Data extracted from a collection:
────────────────────
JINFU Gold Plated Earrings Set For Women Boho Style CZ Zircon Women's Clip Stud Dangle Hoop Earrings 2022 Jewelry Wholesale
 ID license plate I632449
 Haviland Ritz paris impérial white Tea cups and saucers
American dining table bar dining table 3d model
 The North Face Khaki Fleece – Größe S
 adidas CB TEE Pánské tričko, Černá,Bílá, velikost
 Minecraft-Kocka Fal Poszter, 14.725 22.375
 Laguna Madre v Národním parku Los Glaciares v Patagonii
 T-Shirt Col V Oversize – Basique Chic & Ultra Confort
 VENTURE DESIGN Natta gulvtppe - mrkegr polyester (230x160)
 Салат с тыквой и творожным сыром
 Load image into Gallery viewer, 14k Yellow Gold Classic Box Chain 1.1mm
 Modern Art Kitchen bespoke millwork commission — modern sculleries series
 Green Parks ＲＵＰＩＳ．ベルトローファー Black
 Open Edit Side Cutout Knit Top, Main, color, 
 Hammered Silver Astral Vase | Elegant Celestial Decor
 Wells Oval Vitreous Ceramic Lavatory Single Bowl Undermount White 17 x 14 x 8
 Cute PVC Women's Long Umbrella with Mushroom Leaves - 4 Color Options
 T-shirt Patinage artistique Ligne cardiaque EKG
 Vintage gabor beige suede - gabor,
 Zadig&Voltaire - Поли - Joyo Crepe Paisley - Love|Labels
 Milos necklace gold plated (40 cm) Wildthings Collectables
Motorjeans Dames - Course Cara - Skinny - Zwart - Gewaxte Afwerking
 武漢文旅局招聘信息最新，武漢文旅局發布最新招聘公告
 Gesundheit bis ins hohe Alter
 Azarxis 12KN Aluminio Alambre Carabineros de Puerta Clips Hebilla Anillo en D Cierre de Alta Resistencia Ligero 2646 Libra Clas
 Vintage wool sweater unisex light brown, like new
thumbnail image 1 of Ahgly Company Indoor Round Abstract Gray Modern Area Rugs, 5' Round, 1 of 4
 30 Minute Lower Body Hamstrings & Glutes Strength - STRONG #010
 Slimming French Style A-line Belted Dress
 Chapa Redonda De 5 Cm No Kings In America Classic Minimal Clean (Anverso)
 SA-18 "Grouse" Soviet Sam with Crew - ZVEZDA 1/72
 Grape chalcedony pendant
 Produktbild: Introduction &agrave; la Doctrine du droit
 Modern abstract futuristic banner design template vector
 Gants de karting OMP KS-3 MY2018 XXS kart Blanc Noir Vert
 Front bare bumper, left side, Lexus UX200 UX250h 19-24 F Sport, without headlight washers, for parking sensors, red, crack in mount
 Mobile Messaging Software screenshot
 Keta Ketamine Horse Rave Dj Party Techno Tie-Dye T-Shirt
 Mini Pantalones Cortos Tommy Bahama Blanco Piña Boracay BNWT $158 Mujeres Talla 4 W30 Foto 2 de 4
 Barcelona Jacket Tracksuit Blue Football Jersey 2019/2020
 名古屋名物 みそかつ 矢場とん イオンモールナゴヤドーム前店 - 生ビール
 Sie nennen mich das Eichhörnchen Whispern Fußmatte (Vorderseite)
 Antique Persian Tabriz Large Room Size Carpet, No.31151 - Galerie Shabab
────────────────────
• **WHAT THE TASK REQUIRES**: All lines above from the one holding "Laguna Madre v" to the one holding "Green Parks ＲＵＰＩＳ．ベルトローファー Black", inclusive, are to be copied exactly; no other line is wanted.

• **SOLUTION TO THIS EXERCISE**:
 Laguna Madre v Národním parku Los Glaciares v Patagonii
 T-Shirt Col V Oversize – Basique Chic & Ultra Confort
 VENTURE DESIGN Natta gulvtppe - mrkegr polyester (230x160)
 Салат с тыквой и творожным сыром
 Load image into Gallery viewer, 14k Yellow Gold Classic Box Chain 1.1mm
 Modern Art Kitchen bespoke millwork commission — modern sculleries series
 Green Parks ＲＵＰＩＳ．ベルトローファー Black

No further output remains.